Presiden Jokowi gusar karena dari puluhan perusahaan dari China yang relokasi keluar negaranya, tak satu pun memilih Indonesia sebagai lokasi baru. Padahal, berbagai upaya telah ditempuh pemerintah untuk mempermudah investasi di Indonesia. Investor tetap menganggap Indonesia tak cukup menarik. Dari 33 perusahaan China, 23 memilih ke Vietnam, sisanya ke Kamboja, India, Malaysia, Meksiko, Serbia, dan Thailand. Hal serupa terjadi pada relokasi industri Jepang dan Korea. Kenyataan itu menunjukkan, apa yang dilakukan pemerintah belum menyentuh concern utama investor.

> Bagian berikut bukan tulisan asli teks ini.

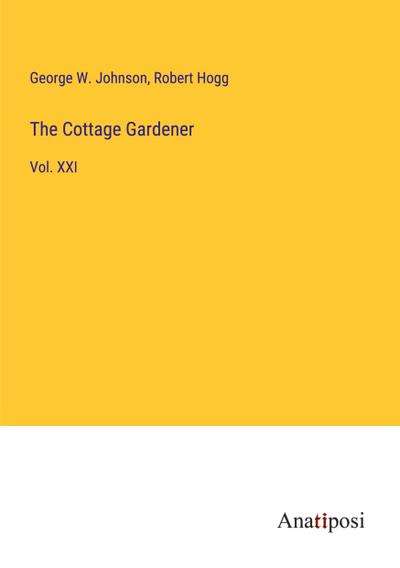 The Cottage Gardener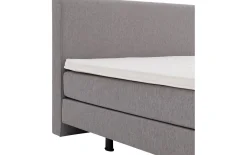 Boxspring Nomade Steppe incl. voetbord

Seluruh kajian, mulai dari Bank Dunia, Forum Ekonomi Dunia (WEF), BI, hingga KPPOD, menunjukkan iklim investasi di Indonesia masih memprihatinkan. Dan persoalan yang menghambat itu kompleks, mulai dari regulasinya itu sendiri, sistemnya, hingga tata laksana pelaksanaan di lapangan.
Sebanyak 16 paket kebijakan deregulasi/debirokratisasi yang diluncurkan selama lima tahun pemerintahan Jokowi ternyata belum tuntas mampu mendobrak persoalan yang menghambat investasi. Sebagian besar kebijakan itu bahkan disinyalir bertahun-tahun mandek di kementerian/lembaga.

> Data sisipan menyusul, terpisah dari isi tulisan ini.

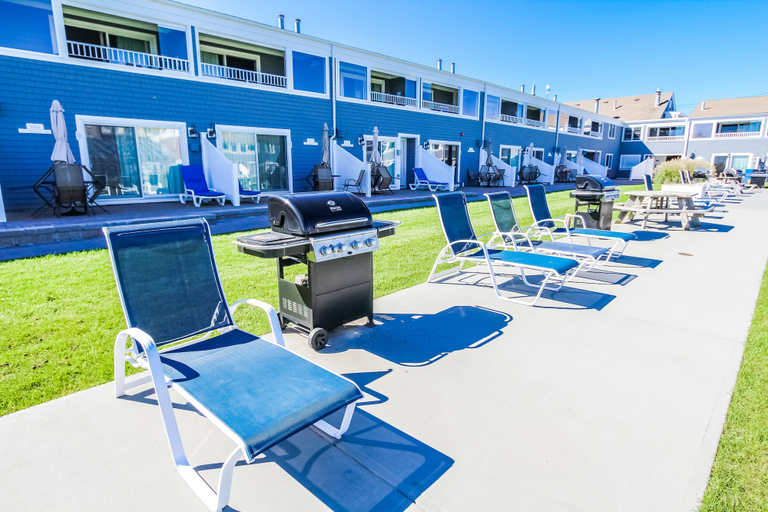 Sport & Beauty 5, Edgewater Beach Resort, Barnstable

Faktanya, kesulitan tetap dihadapi investor. Istilahnya, kalau bisa dipersulit, kenapa dipermudah. Keluhan belum bergerak dari isu klasik, mulai dari perizinan berbelit, tumpang tindih/inkonsistensi/disharmoni kebijakan, hingga kontradiksi kebijakan pusat-daerah. Isu perburuhan, perpajakan, dan tak adanya jaminan kepastian juga masih jadi momok.
Tak jelas siapa yang bertanggung jawab mengawal pelaksanaan dari poin-poin kebijakan itu mulai dari paling bawah hingga atas. Ini yang ditekankan Bank Dunia, pentingnya keberadaan tim yang mengawal pelaksanaan. Perlu dukungan semua pihak, termasuk sanksi untuk yang tak melakukan tugasnya atau tak kooperatif di level lembaga/kementerian. Termasuk juga daerah yang tak pro-investasi, selain akan dihukum dengan tak masuknya investasi ke daerah tersebut.
Orkestra kurang padu, membuat kebijakan pro-investasi besar-besaran yang digelontorkan di awal pemerintah macet di sana-sini sehingga kita harus terus gigit jari dalam perebutan investasi. Kita masih sering temukan, bagaimana kepentingan kelompok atau individu membuat seluruh sistem macet. Kebijakan di tingkat pusat bisa dimentahkan di daerah.
Yang mengejutkan, fakta yang diungkapkan Menkeu masih adanya puluhan (72) UU, sebagian warisan kolonial, bercokol. Ribuan regulasi, menurut ekonom, juga harus direvisi. Suatu pekerjaan besar yang butuh determinasi dan komitmen tinggi untuk bisa mengurai sehingga tak cukup dengan satu gebrakan. Juga tak bisa ad hoc dan tambal sulam, terkesan latah dengan negara lain. Akhir-akhir ini, misalnya, pemerintah agresif menggelontorkan berbagai insentif pajak bagi pelaku usaha di sejumlah sektor. Langkah ini dinilai Bank Dunia tak akan efektif selama persoalan utama yang menghambat investasi dan daya saing itu sendiri tak diselesaikan.